Sent from my Galaxy Nexus


----------



## Firemedic (Dec 27, 2011)

Just spend the 1.80...It won't break you.. and it supports development of his fabulous work!!


----------



## MFD00M (Aug 31, 2011)

I believe he said he was going to put his app up on a site for people who don't or can't use a credit card

Sent from my Galaxy Nexus using RootzWiki


----------



## davidsky1 (Jan 19, 2012)

Thanks for your replies. In the OP I mentioned I can't purchase it because I don't have a debit or credit card.

Also I am aware that there are instructions somewhere hidden in Franco's post, and as I mentioned they are not very clear or thorough, so I am posting here to get better instructions.


----------



## cvbcbcmv (Sep 14, 2011)

You could use lean kernel with interactivex which is basically hotplug, but can't you borrow a friends card for 1.80?

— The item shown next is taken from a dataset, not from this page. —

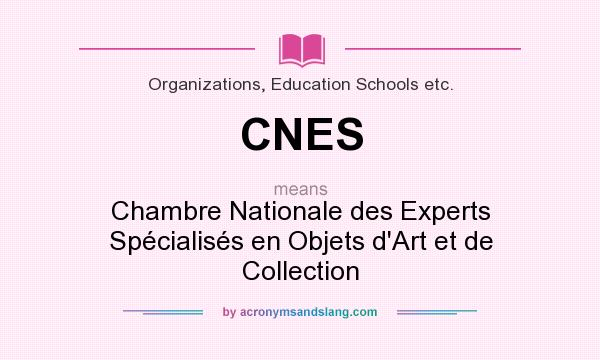 What does CNES mean? It stands for Chambre Nationale des Experts Spécialisés en Objets d`Art et de Collection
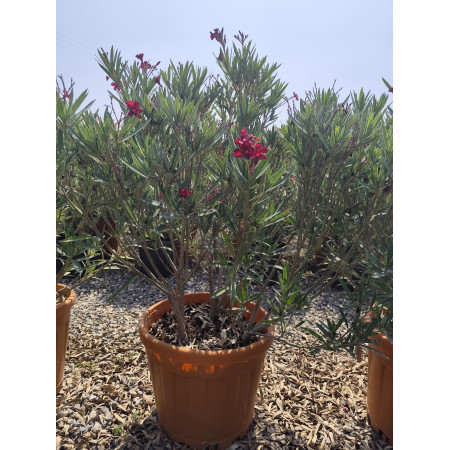 Toprak Botanik Peyzaj Ürünleri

Sent from my Galaxy Nexus using Tapatalk


----------



## davidsky1 (Jan 19, 2012)

I didn't mention that I came from lean, which I left because it had the same problem with battery. However I didn't use interactive x, so i will try that tomorrow if i have no progress by then

Also, thanks for the repeated suggestions to buy, but I am trying to figure out how to enable hotplug without the paid app.


----------



## Kancerstick (Dec 25, 2011)

you need to use terminal emulator or an app similar .

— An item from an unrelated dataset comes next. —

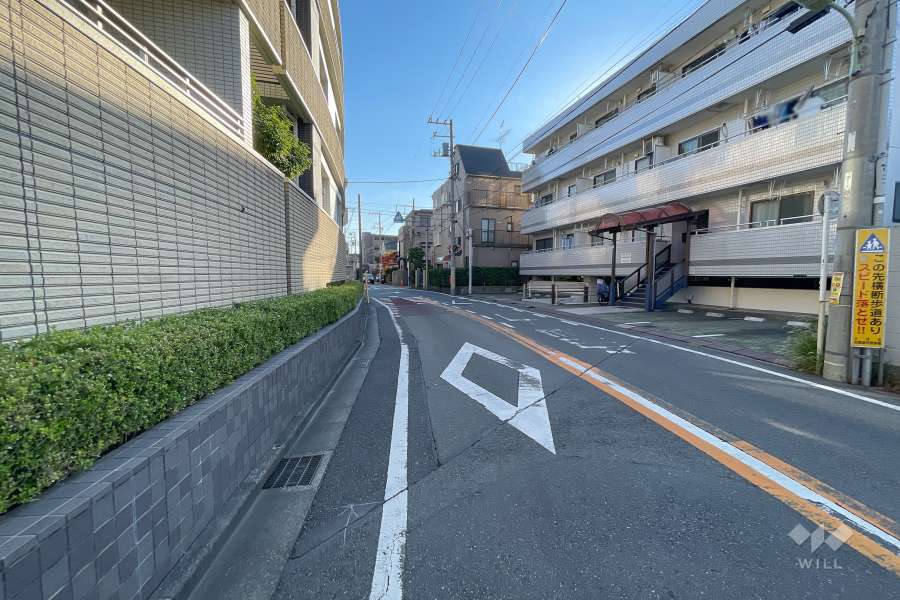 敷地の西側前面道路（北側から）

when u are at the cmd prompt in the emulator type "su" then press enter. It will ask you for root permissions.

then enter this exactly "echo 1 > /sys/module/dsscomp/parameters/hotplug_enabled" hit enter and your done

you can also edit the build.prop by just changing the echo 0 to echo 1 in root explorer if you know how to use that as well.

hope this helps


----------



## davidsky1 (Jan 19, 2012)

Thanks for those tips. Typed that into console, nothing happened, ie set CPU does not give me the hot plug option. might require a reboot. Went to file explorer to edit build prop but there was no text anywhere that said echo. I checked line by line. Search for string "echo" returns no results so I know it isn't there.


----------



## Lyxdeslic (Nov 30, 2011)

davidsky1 said:


> Thanks for those tips. Typed that into console, nothing happened, ie set CPU does not give me the hot plug option. might require a reboot. Went to file explorer to edit build prop but there was no text anywhere that said echo. I checked line by line. Search for string "echo" returns no results so I know it isn't there.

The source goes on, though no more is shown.